Red brick church overlooking a shockingly blue lake
St. John at Kaneo Church by Mrs. Wanderer

Zdravo from North Macedonia! 

In preparation for our visit to North Macedonia, we spent some dedicated time trying to learn more about this nation. While it was cheeky, one source we stumbled upon characterized the nation's disagreements with each of its neighbors quite concisely. It said that each country touching North Macedonia does not recognize its church, sovereignty, borders, or name respectively. Despite all of that, the nation still stands there today. It was amusing for us to visit a country that, while having so much controversy surrounding it, was actually a peaceful place to be present.  

We started off our trip in Skopje. This city is split between its old and new sections. The older part of town held many Turkish tourists and its bazaar remains standing in the style reflective of its Ottoman roots. We took advantage of mixing up our North Macedonian food intake with any number of the multitudes of Turkish sweet shops.  

Fountain with statues of mothers with small children
Fountain of the Mothers of Macedonia by Mrs. Wanderer

On the modern side of the city, the government has been renovating it and installing large statues in honor of North Macedonia’s idols. Famously there is a large monument in Alexander the Great’s honor along with a fountain for his mother (Olympias) and another statue of his father (Phillip II). What surprised us most about this experience was the fact that these giant patinaed statues were not in fact (as so many we have seen on this adventure of ours) hundreds of years old. Rather, these spiffy installations were put in place in 2014! The government decided that downtown needed a facelift and they provided it. It was amusing but also gave the city an air that matched the actual age of civilization here, as North Macedonia’s land is some of the longest inhabited in the world.  

Moving on from Skopje, we traveled to the UNESCO World Heritage site of Lake Ohrid. Standing as one of the oldest and deepest lakes in Europe, Lake Ohrid provided a swath of entertainment for us. We enjoyed visiting the Ancient Theatre of Ohrid, which was built in 200 BC. It is set overlooking the lake, which we caught with beautiful weather. The water was a rich blue sparkling to mimic the dancing that used to be performed in that theater.  
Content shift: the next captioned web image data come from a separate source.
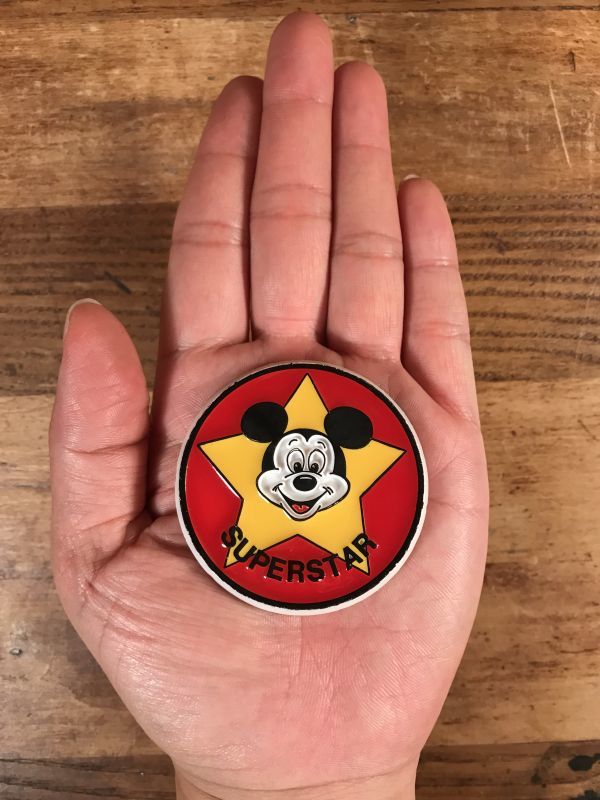 Mickey Mouse “Superstar” Plastic Pinbacks ミッキーマウス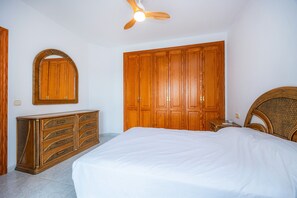 3 dormitorios, tabla de planchar con plancha, wifi y ropa de cama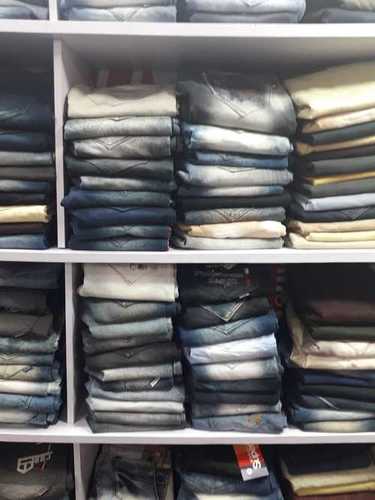 Various Colors Available Skin Friendly Men Jeans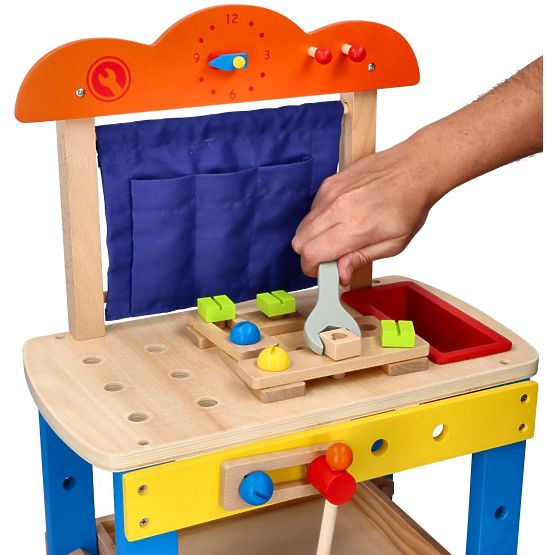 Atelier en bois avec de nombreux outils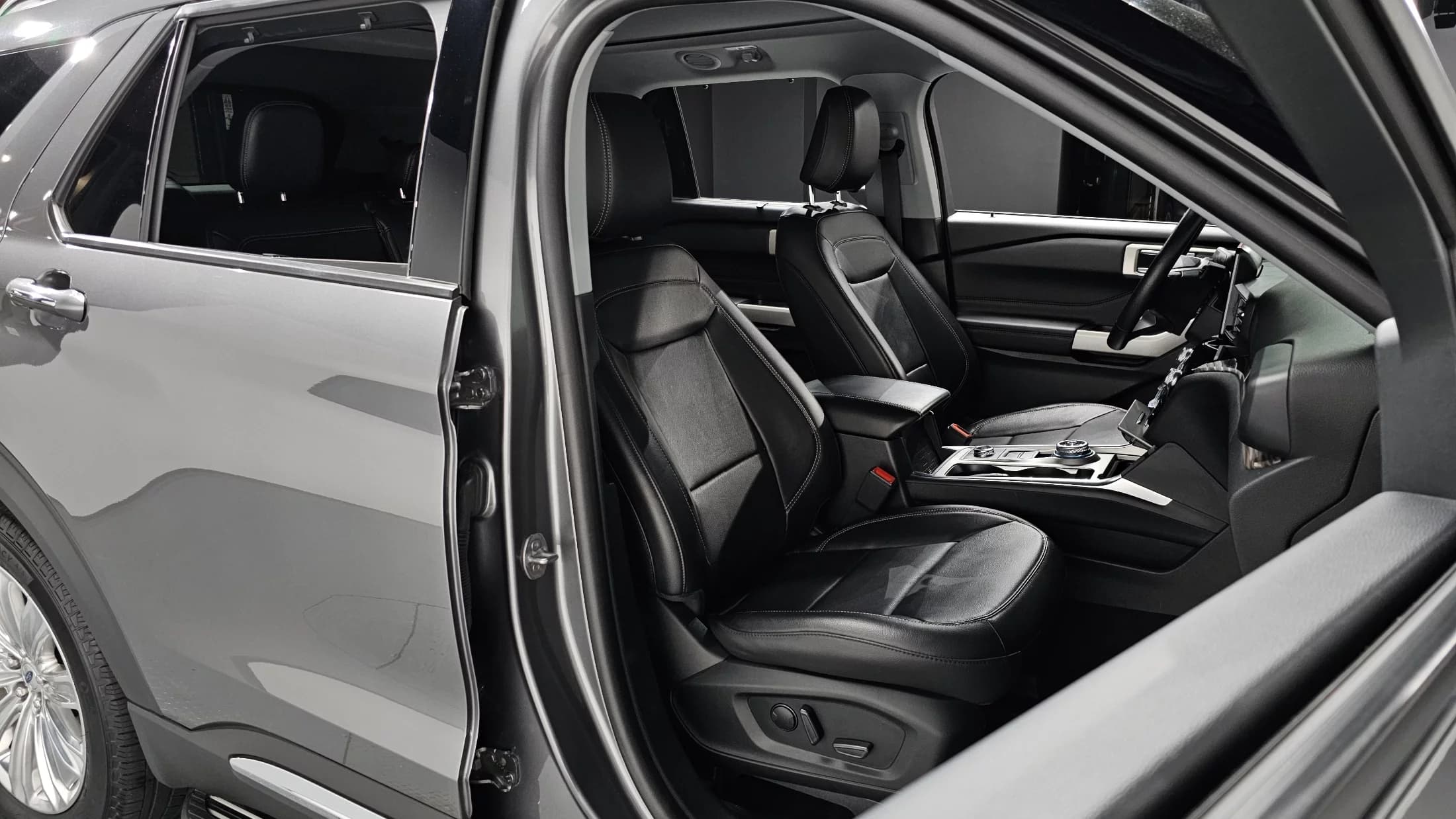Ford EXPLORER 2.3 LimIted 4WD, 2023 г. 18230 км. — фото 10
Stone amphitheater set into the mountain overlooking the lake
Ancient Theatre of Ohrid by Mr. Wanderer

After visiting the theater, we took a leisurely hike on the side of the lake up to the church of Saint John at Kaneo. This iconic photo opportunity gave us the chance to look out over the city of Ohrid and see swimmers and boaters. We also could look across the lake to the Albanian side as well. On the walk through the woods to this scene, we passed the construction of a new university in Ohrid. Having seen the place in such glorious weather, it was hard to imagine students being productive in that environment instead of just lounging by the stunning lake. Maybe they will get used to it, but we surely did not.  
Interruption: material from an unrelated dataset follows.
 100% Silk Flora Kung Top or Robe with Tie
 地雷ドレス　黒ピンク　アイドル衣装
We did not just look at the lake, we also managed to travel out onto it. A boat tour allowed us to float into the water and look back at the city from a different perspective. Resting on the coast is a statue of a figure holding up a small handheld cross. We learned that this represents an annual tradition in which the local priest, in January for the Epiphany, tosses a cross into the lake. The individual who relayed this story told us that the young boys of the city all swim in the water in an attempt to find the cross and that the young man who retrieves it receives blessings for the year. 

Statue of a man holding a small cross above his head
Catcher of a Cross Monument by Mrs. Wanderer

While North Macedonia's sheer existence aggravates its neighbors, it was an extremely peaceful place to visit. Lake Ohrid could belong on anyone’s list of top lake vacation destinations. We loved getting to take in the old and new, urban and rural parts of the country; but alas, it is time for us to go. Our bags are packed and we are headed next to the country that is home to the deepest canyon in Europe (Tara Canyon). The country we are headed to was actually once described by Lord Byron as “At the birth of the planet the most beautiful encounter between land and sea must have been on [this nation’s] coast.” If that is not a ringing endorsement, I do not know what is. Any guesses where we are off to next? 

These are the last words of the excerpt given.